→ DATA FOR THE TASK:
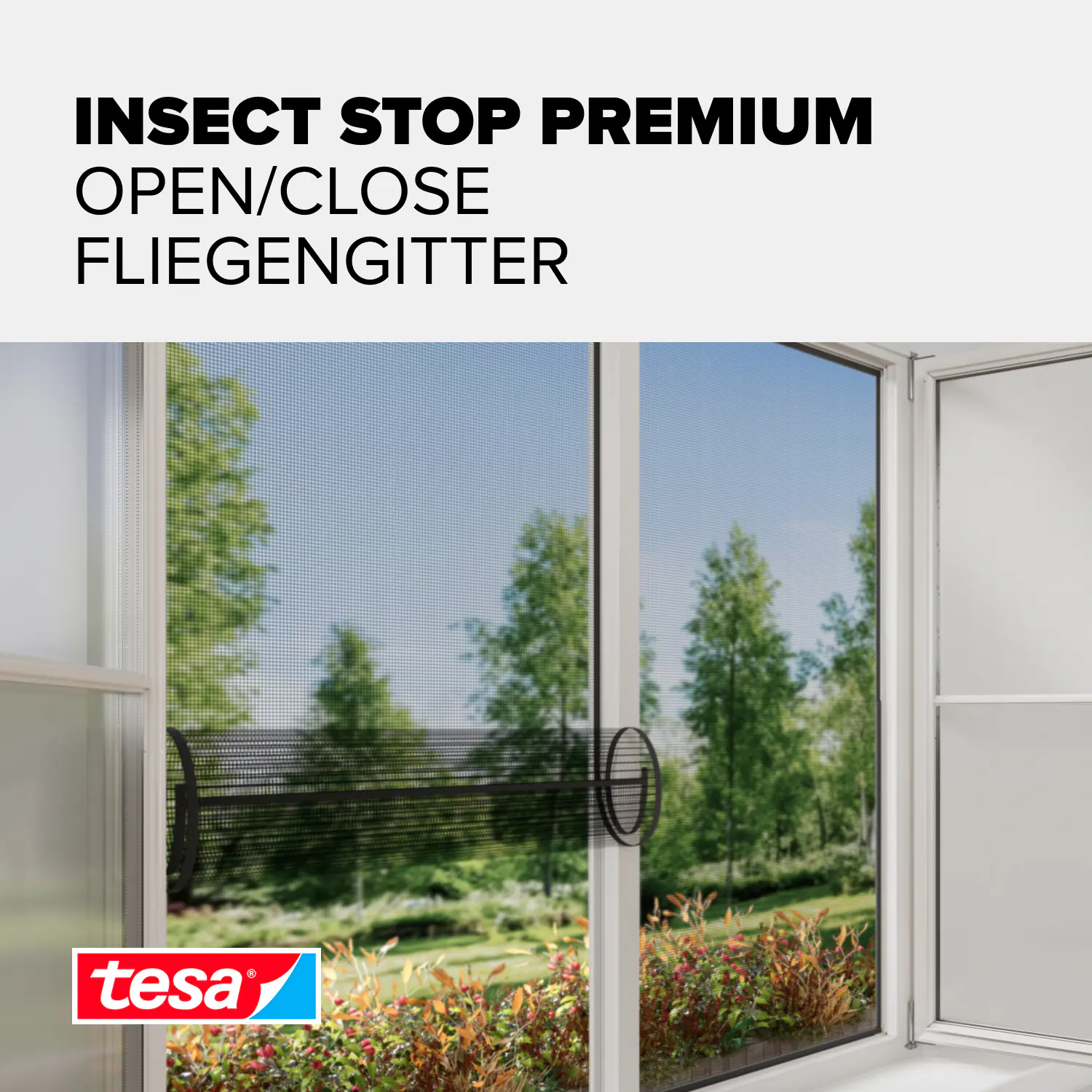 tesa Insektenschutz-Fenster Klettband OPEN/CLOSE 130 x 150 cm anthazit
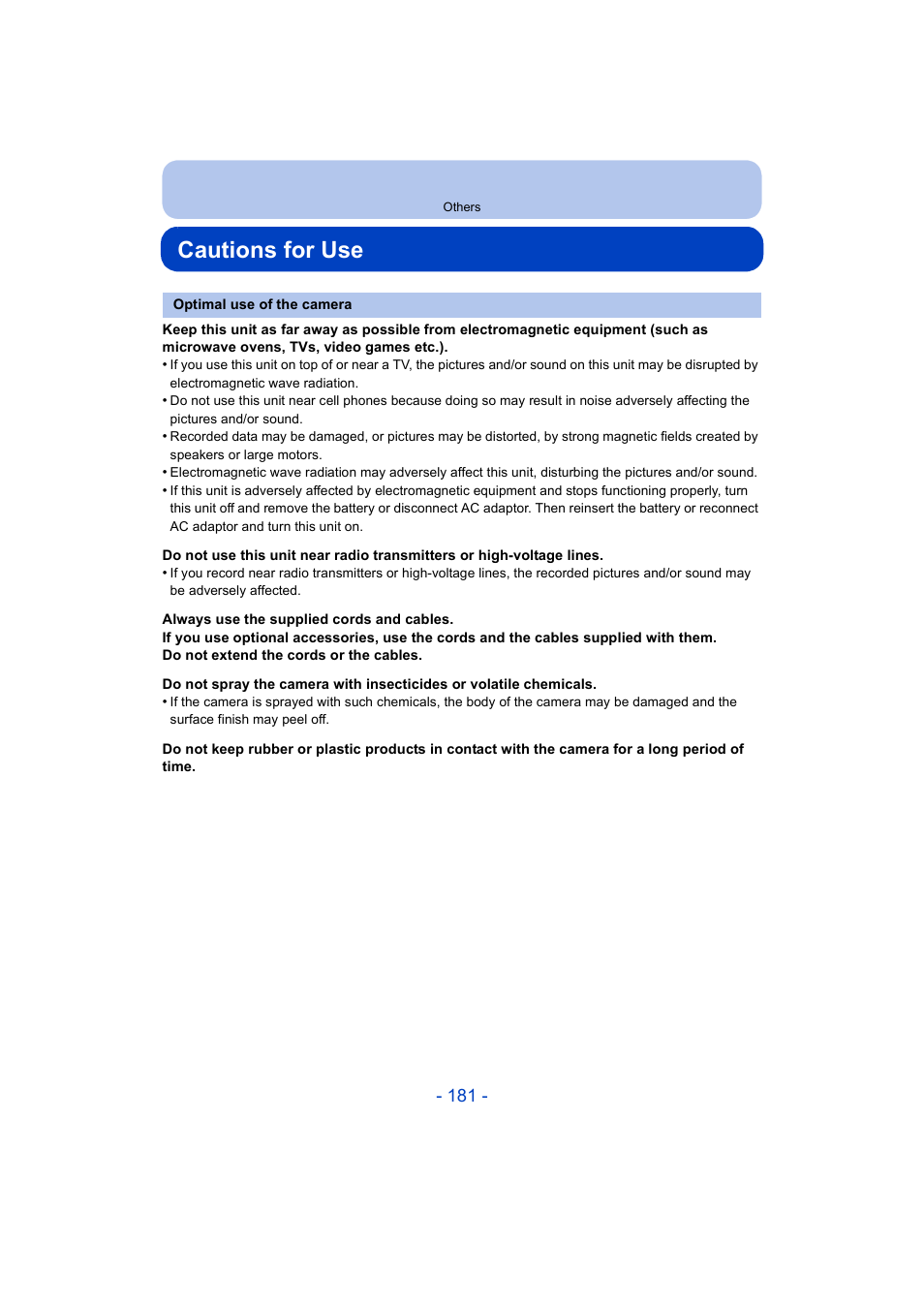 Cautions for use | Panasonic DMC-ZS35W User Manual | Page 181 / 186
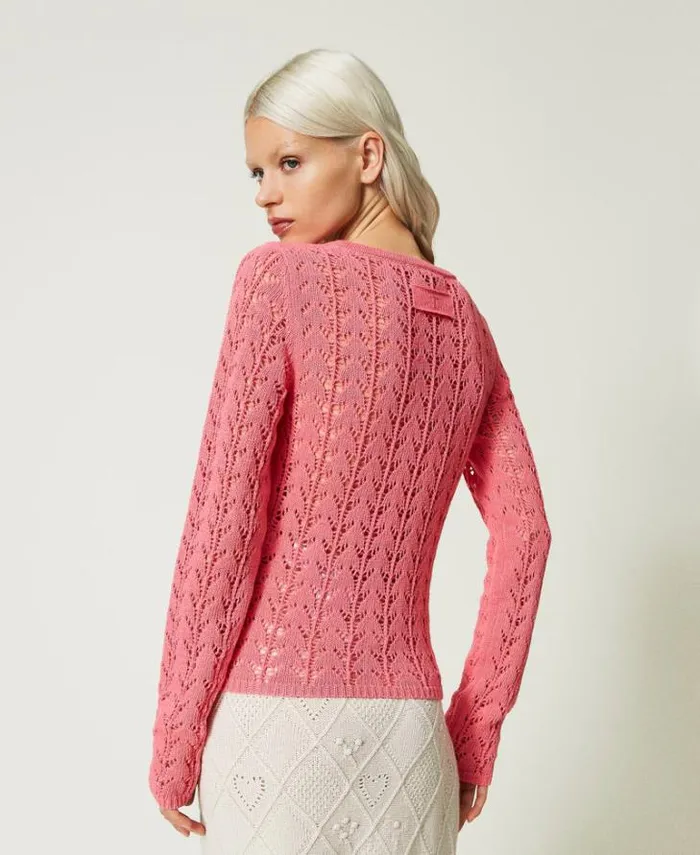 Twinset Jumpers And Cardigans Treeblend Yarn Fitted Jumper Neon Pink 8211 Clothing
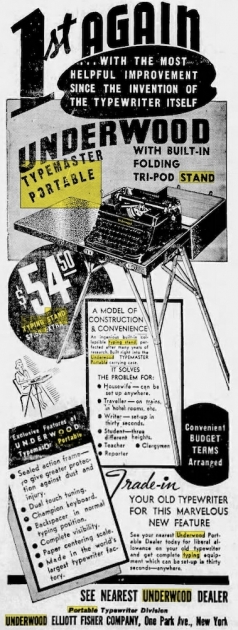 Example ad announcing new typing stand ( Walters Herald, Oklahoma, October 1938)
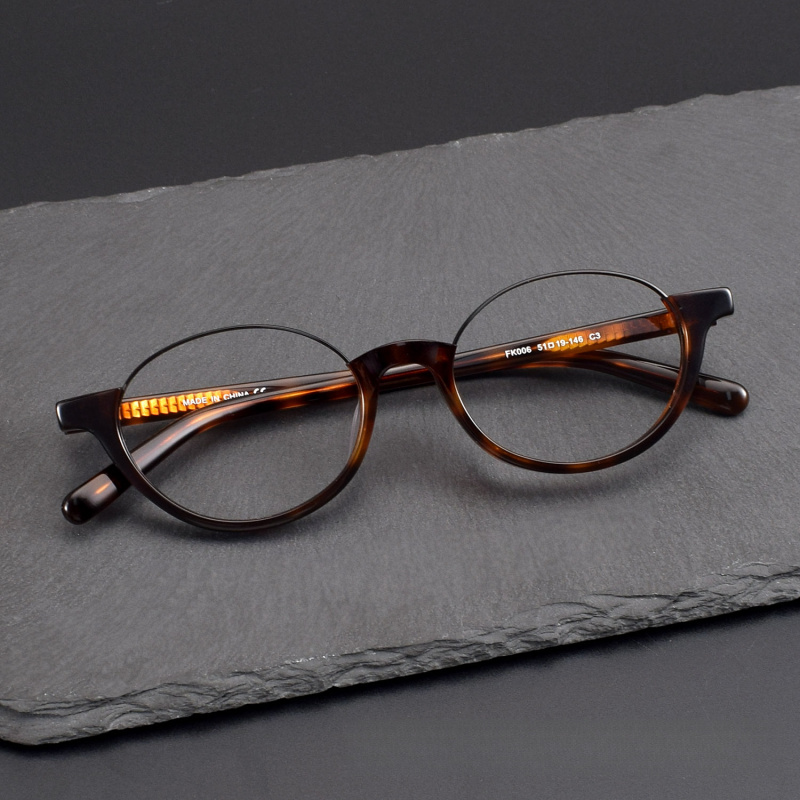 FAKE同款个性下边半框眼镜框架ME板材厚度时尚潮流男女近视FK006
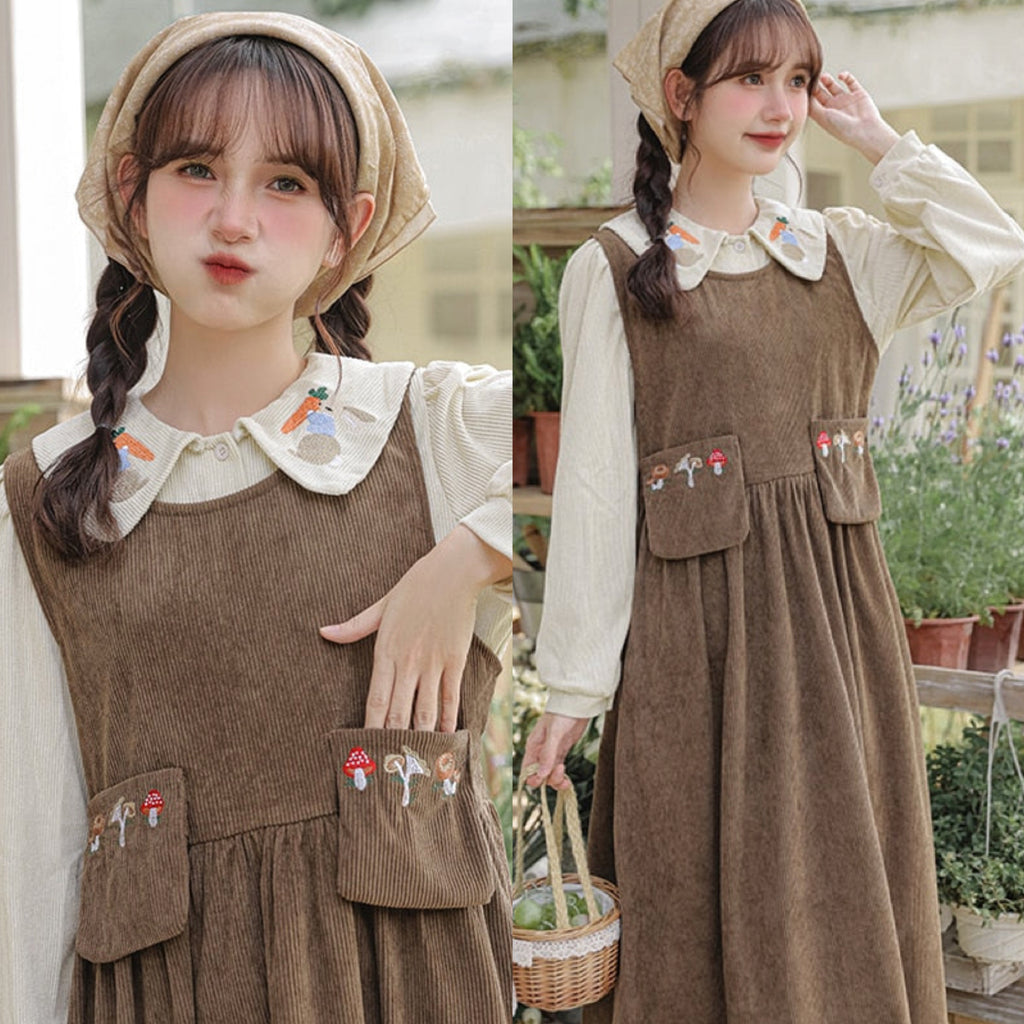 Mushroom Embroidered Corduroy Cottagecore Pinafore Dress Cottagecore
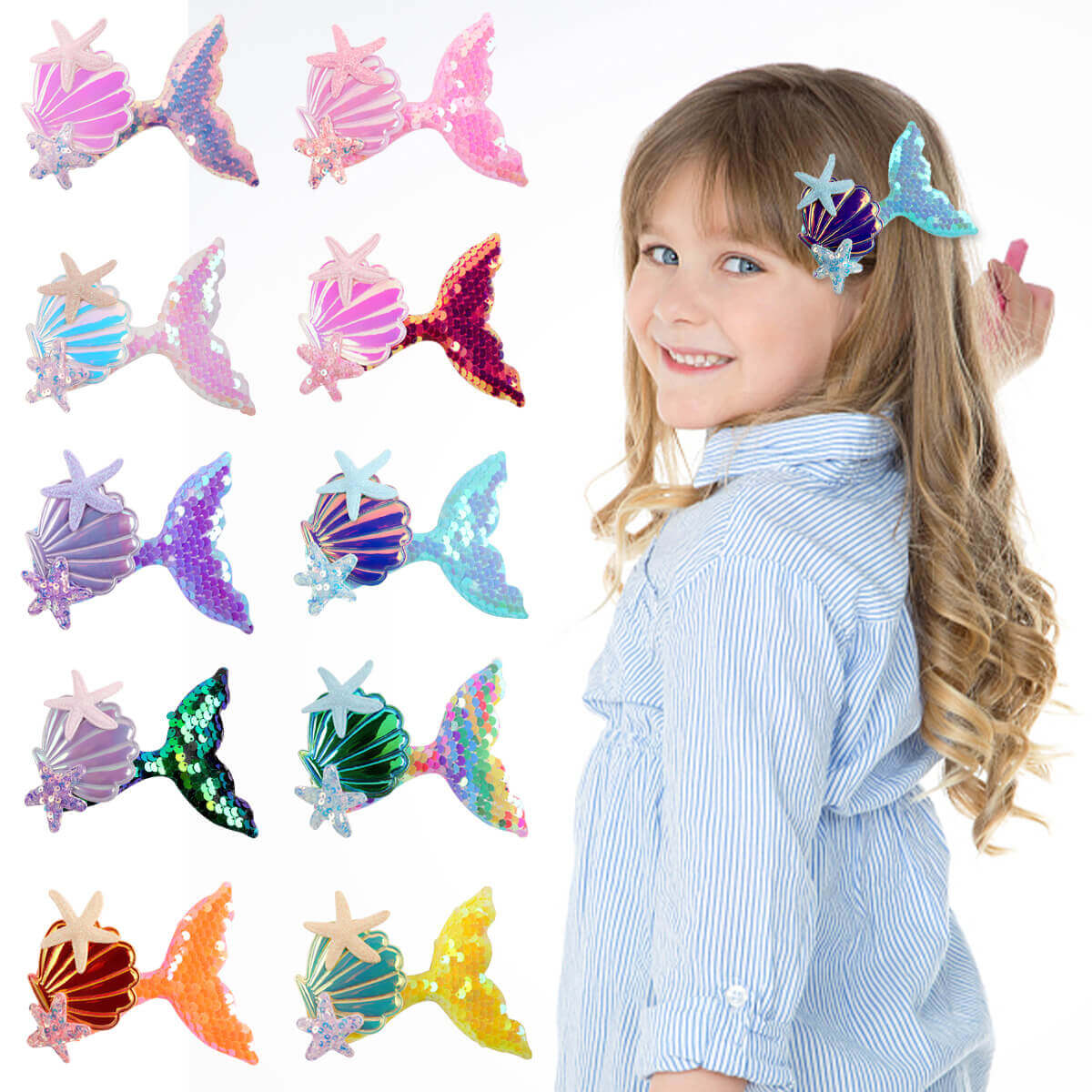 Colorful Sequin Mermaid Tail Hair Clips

→ WORK TO BE COMPLETED: Transcribe the whole of the data exactly, minus any pictures.

→ YOUR SOLUTION:
 tesa Insektenschutz-Fenster Klettband OPEN/CLOSE 130 x 150 cm anthazit
 Cautions for use | Panasonic DMC-ZS35W User Manual | Page 181 / 186
 Twinset Jumpers And Cardigans Treeblend Yarn Fitted Jumper Neon Pink 8211 Clothing
 Example ad announcing new typing stand ( Walters Herald, Oklahoma, October 1938)
 FAKE同款个性下边半框眼镜框架ME板材厚度时尚潮流男女近视FK006
 Mushroom Embroidered Corduroy Cottagecore Pinafore Dress Cottagecore
 Colorful Sequin Mermaid Tail Hair Clips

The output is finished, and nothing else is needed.